All those arguments aside, conservatives ought not to casually dismiss Mr. Rockwell's article, for as often as he over exaggerates, he makes critical and accurate points about the current Republican party, especially as led by George W. Bush. Big-government conservatism is still big-government. The idea that one can grow the government, but only in the interest of doing good, is folly. And it's not just the President that comes in for blame. Though I do not agree with all that folks such as our own Mouldfan, or Publius, and various others have to say about Republicans' growing thirst for power, they are not entirely wrong. More than once in the past few months I have cringed at actions undertaken by party leadership. At times it seems that we truly believe that we are the permanent majority - a trap the Democrats fell into a decade ago.

But this discontent felt by elements of the right is not something easily quelled. There is a great ideological schism that portends greater trouble for the Republican party down the road.

The Iraq war in many ways represents one of the great divides in the conservative camp. Rockwell observes
Third, there is its theological-political position that the American experience represents a unique godly intervention into world affairs, and that the American mission is a holy one guided and blessed at every step by the Creator. The roots of this error lie very deep in America's past, dating to 17th-century New England. But it is especially worrisome on the level of a world empire, with power-mad politicians claiming to act through Divine Mandate.
This messianism does creep into Bush's talk, and it his worst (IMOHO) trait. I am not shy about claiming America as the greatest force for good in the history of the world, but only the blindest patriot could not acknowledge our historical warts. Many Americans have of course dreamed of a benevolent empire since the time of its founding, and have sprinkled their dreams with the romantic vision of the glorious American republic enlightening the rest of the world. Such talk is part noble and part arrogant.

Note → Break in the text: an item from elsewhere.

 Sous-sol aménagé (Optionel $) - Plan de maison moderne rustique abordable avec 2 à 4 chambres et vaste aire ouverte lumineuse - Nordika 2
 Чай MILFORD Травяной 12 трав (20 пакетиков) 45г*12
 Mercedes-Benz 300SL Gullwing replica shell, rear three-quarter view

But at the same time, while we can never cast a blind eye on our historic failures, nor should we disregard the fact that at this moment, there is no greater beacon for freedom than the United States of America. It would be nice, perhaps, to turn inward upon ourselves and pretend that the rest of the world does not exist. Or, if we must acknowledge its existence, play no substantial role in world affairs beyond a shallow regard of our self-interest. But we can't do that.

Like it or not, we have the toys, we have the money, and we have the responsibility to act as guardians. What we must remain on guard against is the over-optimistic and fairly naive belief that we can simply transform the world. Simply installing "Democracy" accross the globe will not achieve what some of the neoconservatives seem to think it will. But at the same time we must recognize that creating a more stable environment in the Middle East will ease the tensions that have given rise to Islamic terrorism. Can war bring stablity? In the long run, yes.

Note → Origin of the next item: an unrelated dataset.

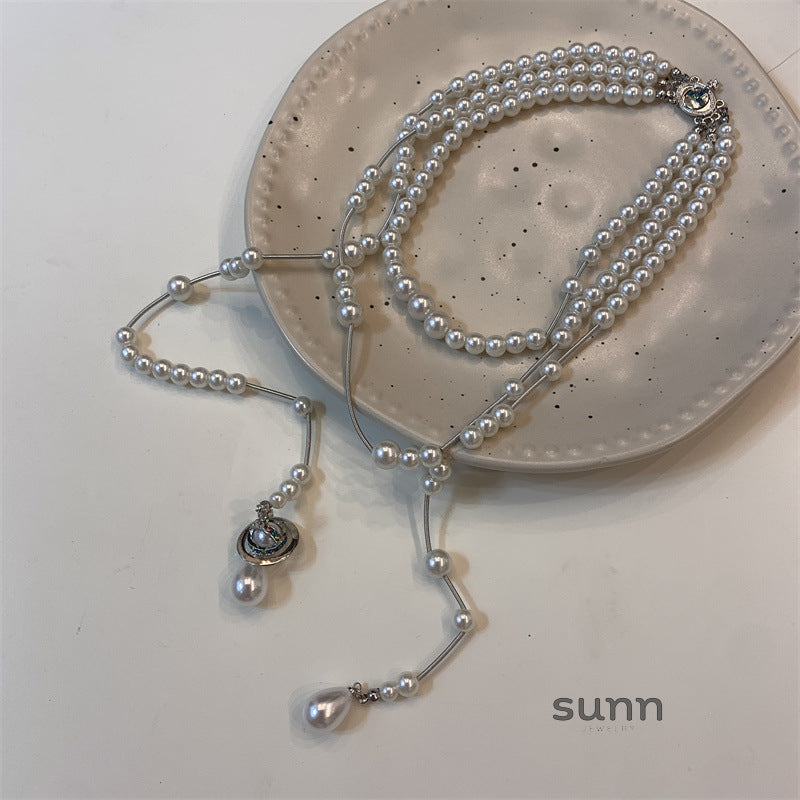 Meela Asymmetrical Layered Pearl Necklace [IPPTKKKQ]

There is a certain idealism of the Lew Rockwell set that I admire, but it does us no good to shoot for an abstract standard of perfection. Of course there are more substantive areas of disagreement between conservatives of my stripe and the paleo- and neoconservative variety that can never be adequately be bridged. I am not even sure that we can really co-exist as we ultimately have different philosophical beliefs. The Republican party will be unable to please all of these camps, but it should at least start doing a bit more to stop pissing us all off. Just a start.

Boy, to think we're the party that's currently in power. I can only imagine what you Democrats are going through right now.